Nic Skovgaard, owner of Alter Ego Marketing, calls brands “accelerant.”
“Your brand has to mean something,” he said. “You can have a strong brand in the wrong direction and it can work against you. Great branding or marketing will put a bad business out of business just as fast as it will help a great business grow.”
He explains that if a new restaurant has poor service or low-quality food but only a few customers the impact is less significant than one serving the same fare to thousands of buyers because of marketing.
“It just speeds everything up,” Skovgaard said.
John Barwick, owner and president of Marion-based TMG Company, says when it comes to branding, business leaders need to be cautious about making assumptions.
“I think one of the biggest things is that businesses assume that people know who they are, what they do and how to reach them. They assume they can only share their message in a few places and it’ll work.”

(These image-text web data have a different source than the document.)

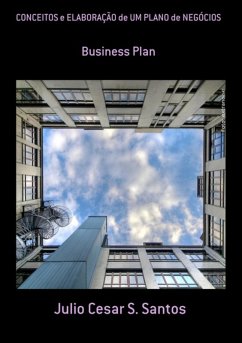 Cover Conceitos E Elaboração De Um Plano De Negócios (eBook, ePUB)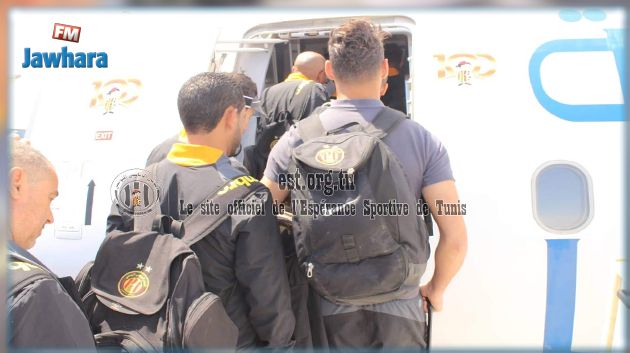 الترجي يشد الرحال إلى لوبومباشي
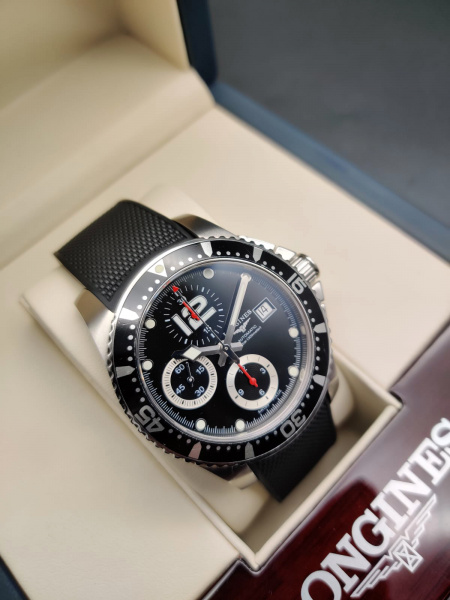 Longines HydroConquest 41 mm L3.644.4.56.2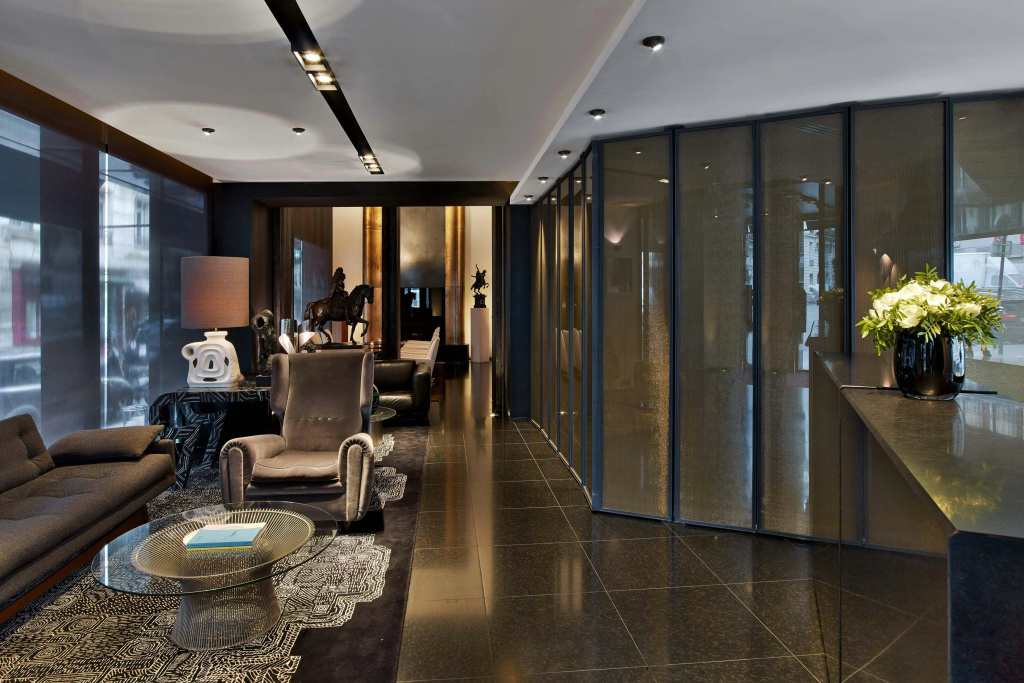Le Metropolitan Paris Tour Eiffel, a Tribute Portfolio Hotel - Général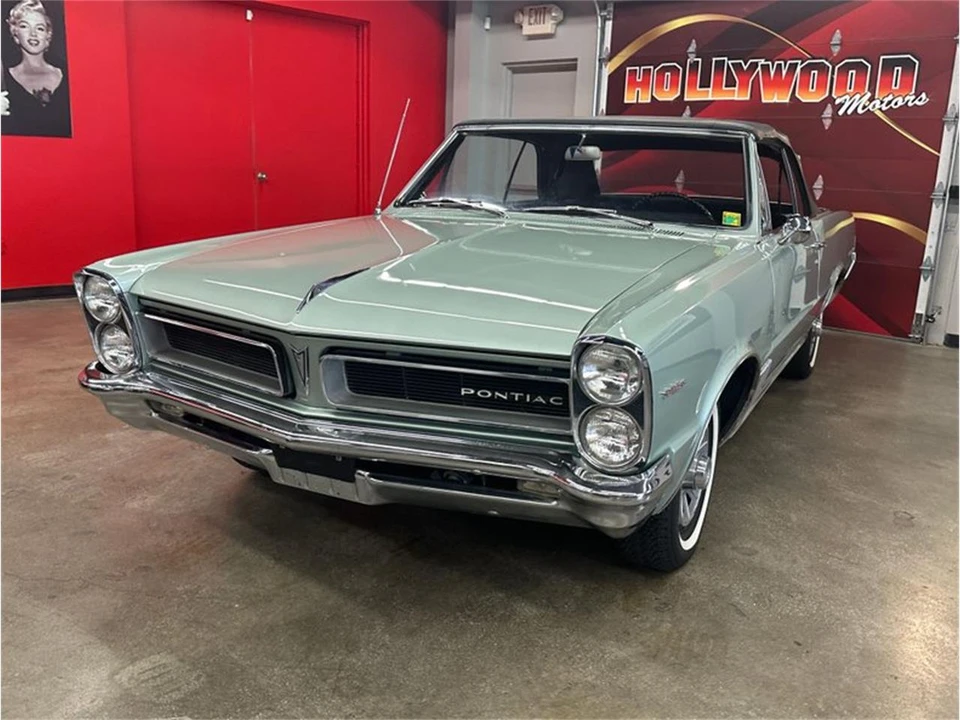 1965 Pontiac LeMans 2nd Gen - Image 11 of 31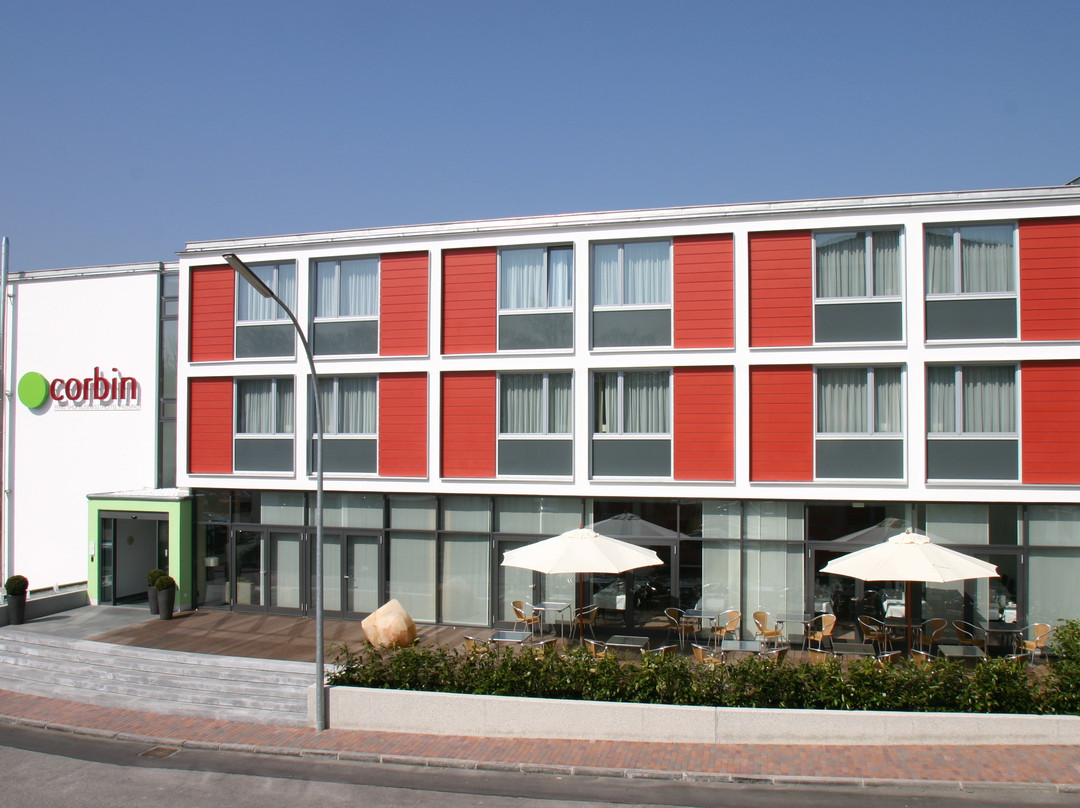 科滨风水商务酒店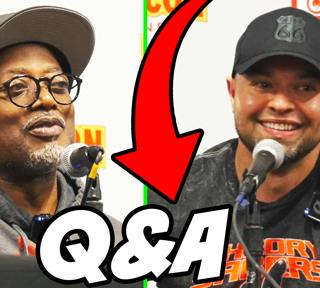 Voice of Mace Windu Full Panel TC Carson x Star Wars Theory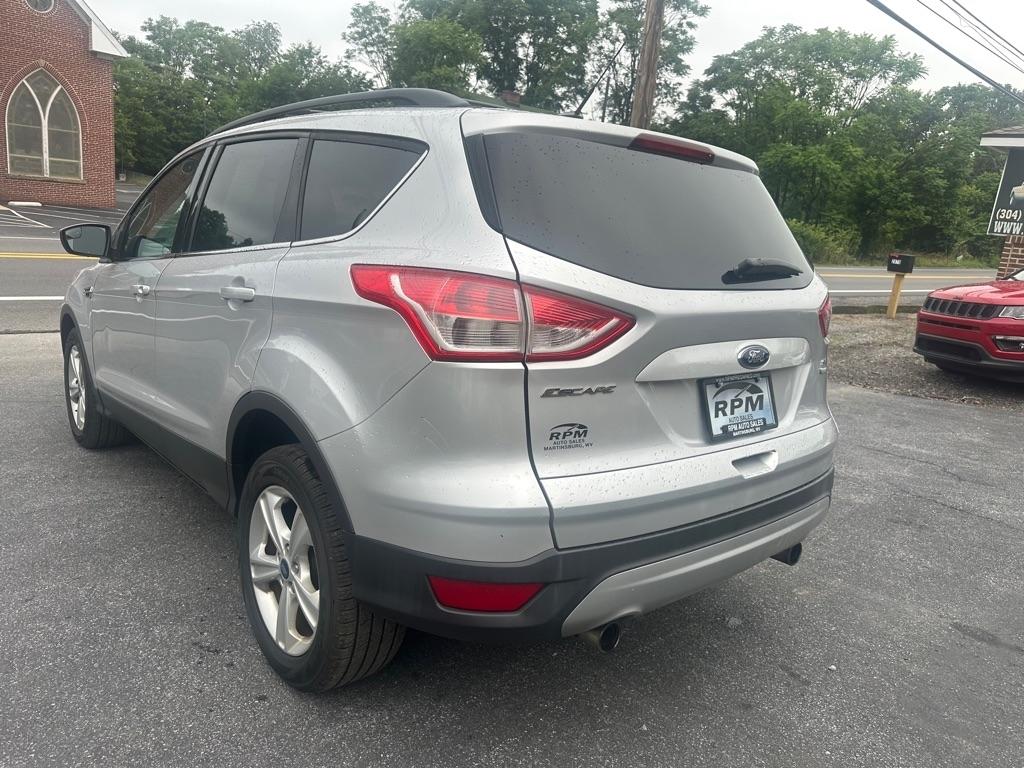 Ford Escape SE 4WD 2013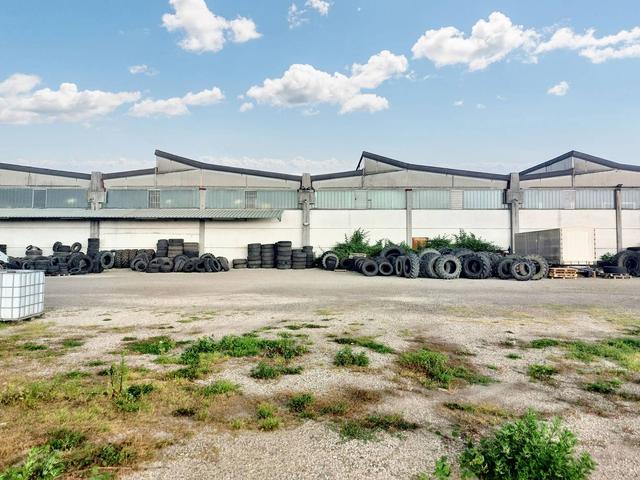 #23580 Terreno edificabile artigianale di 16.596 mq in vendita - foto 4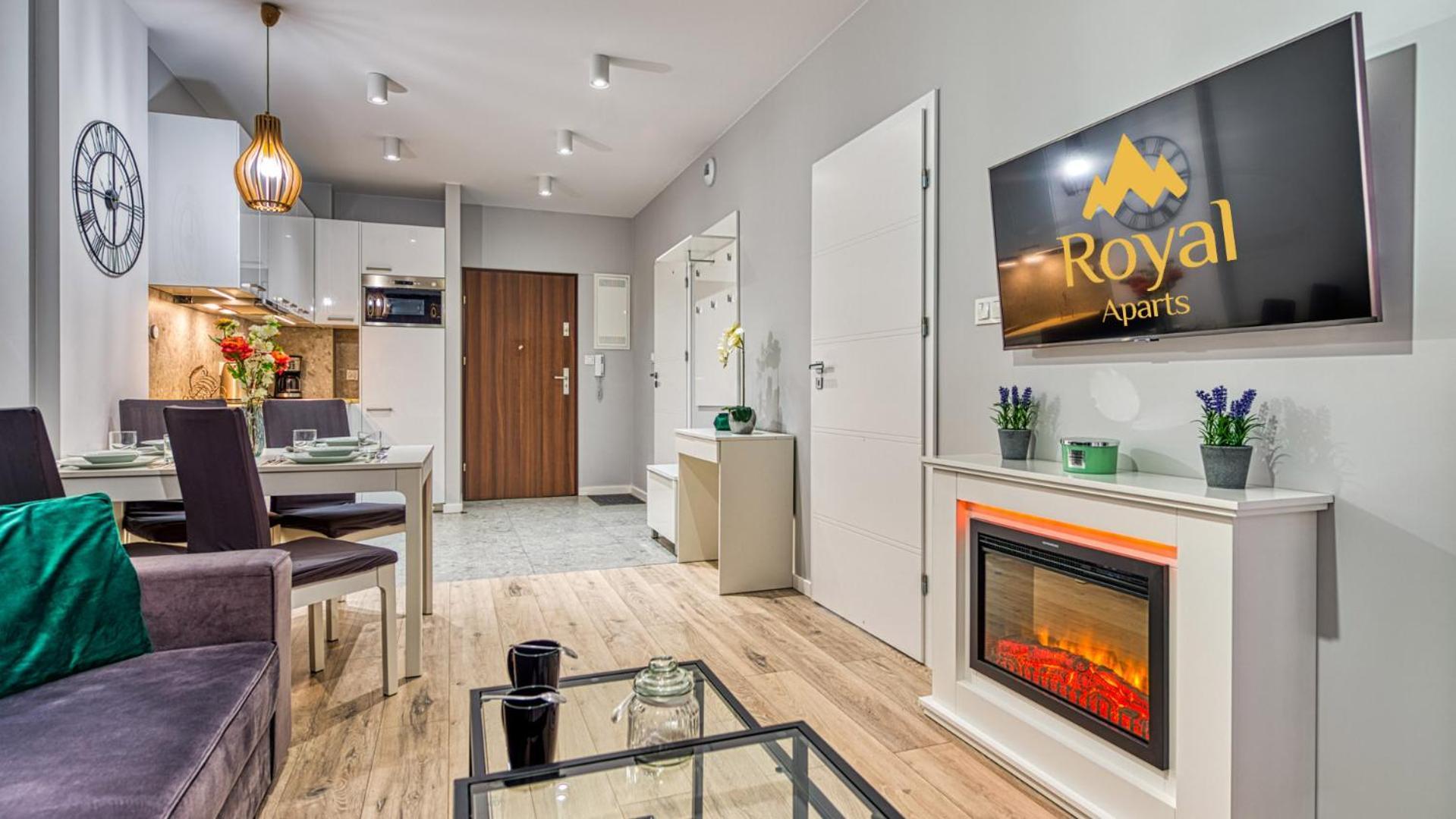 Apartamenty Karpatia Resort By Royal Aparts Karpacz Bagian luar foto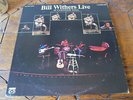 BILL WITHERS Live at Carnegie Hall 2XLP SUSSEX 70s soul VG++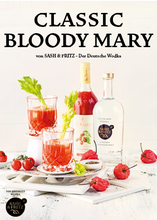Laden Sie das Bild in den Galerie-Viewer, Sash &amp; Fritz - Deutscher Wodka - Classic Bloody Mary Paket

Barwick says too many companies ignore digital marketing channels including having a quality website, utilizing free services like Google’s “My Business” and social media platforms.
“You don’t ignore people when they walk through your doors, you can’t ignore them online, either,” she said.
Poshard warns that it takes more than new branding or even a new logo sometimes to revitalize the business.
“There’s thinking that the logo is the brand and if it’s refreshed, it will suddenly revise the business,” he said. “Businesses have to look at the entire business. If the logo is good but the customer experience is poor, there’s a lot of work to be done.”
Moseman points out what worked for one company in regards to branding probably will not function equally well for another.
“We’re not talking about one-size fits all; we’re looking for what works specifically for your and your company.”
That’s exactly the approach he has taken with Koko Balm, and Carnaghi is pleased.
“Having a good brand is given me every possible opportunity to be successful,” he said. “I couldn’t ask for more.”